The real problem is not Portland’s $15 million shelter shortfall. It is a structural flaw in Metro’s Supportive Housing Services (SHS) formula, which distributes money by population rather than by where homelessness is actually concentrated.
Money follows population, not need
Metro collects hundreds of millions annually for homelessness services. Yet 95% of SHS dollars are allocated based on each county’s share of the region’s population, not its share of the homeless population. That mismatch has enormous consequences.
Chart 1 illustrates the fact that Multnomah County has 87% of the regions homeless population, yet receives only 45.3% of SHS revenue. Washington and Clackamas counties—home to far fewer homeless residents—receive dramatically more funding per homeless person. This is a structural misalignment between where the crisis is and where the resources flow.
Homelessness in the region is heavily concentrated in Multnomah County—particularly in Portland—where service demand, system strain and public visibility are greatest.
Clearly, the distribution formula is not fair and needs to be changed. A fairer distribution formula might provide each county with 25% of its allocation based upon total population and 75% based upon the county’s homeless population.
Cost per homeless person
Chart 2 makes the inequity unmistakable. Under the current formula, Washington and Clackamas counties receive over $100,000 per homeless person, while Multnomah receives roughly $13,000. Even under the 75/25 formula, Multnomah would receive only about $20,000 per homeless person, while Washington and Clackamas would still receive around $40,000 per person.
This is not a radical proposal.

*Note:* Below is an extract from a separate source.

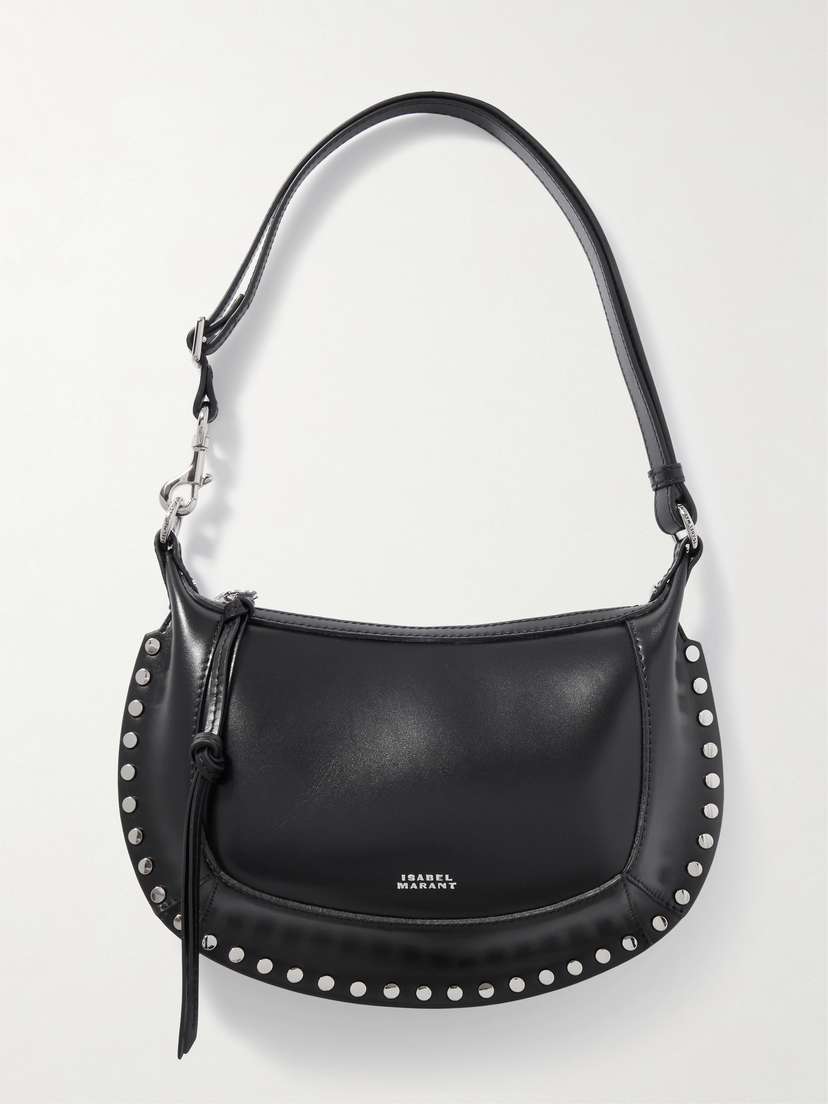 Isabel Marant Oskan Moon Studded Leather Shoulder Bag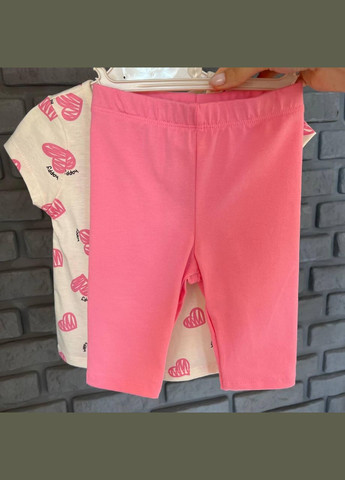 Рожевий літній дитячий костюм футболка (біла з сердечками) та легінси (рожеві) 5-6 років (см) LC Waikiki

It simply reflects the principle that resources meant to address a problem should be concentrated where the problem is concentrated.
A formula that spends six times as much per homeless person in Beaverton as in Portland is not equitable by any reasonable standard regardless of how equity is defined.
Suburban response in context
Washington County leaders argue that shifting money “doesn’t solve the problem.” Clackamas County officials question Portland’s performance.
Those concerns may resonate politically, but they do not address the underlying math: suburban counties benefit from a formula that allocates them far more per homeless person than to Multnomah County.
Multnomah County faces a $68 million shortfall in its Homeless Services Department and may close multiple shelters—-facilities that serve residents from across the region. In practice, Portland’s shelters function as the region’s emergency system.
Against that backdrop, Wilson’s $10 million request is not a bailout. It is a temporary patch over a flawed formula.





Bob: Your usual good sense has left you. The more money you throw at so-called homelessness the more homelessness there will be. Who can forget that in the 1980's when you know who had to get homeless voters for a certain county in Central Oregon a nationwide casting call was required. Jurisdictions like Portland have subsidized the homeless lifestyle since then and made it an attractive alternative for a portion of our population. The way to cut homelessness is to cut the subsidies not ask counties that are less committed to subsidizing the problem to throw money at ones that can't seem to get it.
I typically agree with your take on Portland’s afflictions, but not in this case. The homeless are concentrated in Multnomah County/Portland because of county/city policies related to camping, open air drug use, lax law enforcement, etc. Portland shouldn’t be rewarded with additional funding to address social dysfunction its policies enable. The Mayor and Council need to live within their means. They have plenty of money, what they lack is prioritization/focus, pragmatism and effectiveness. Funneling more money to these people is throwing good money after bad.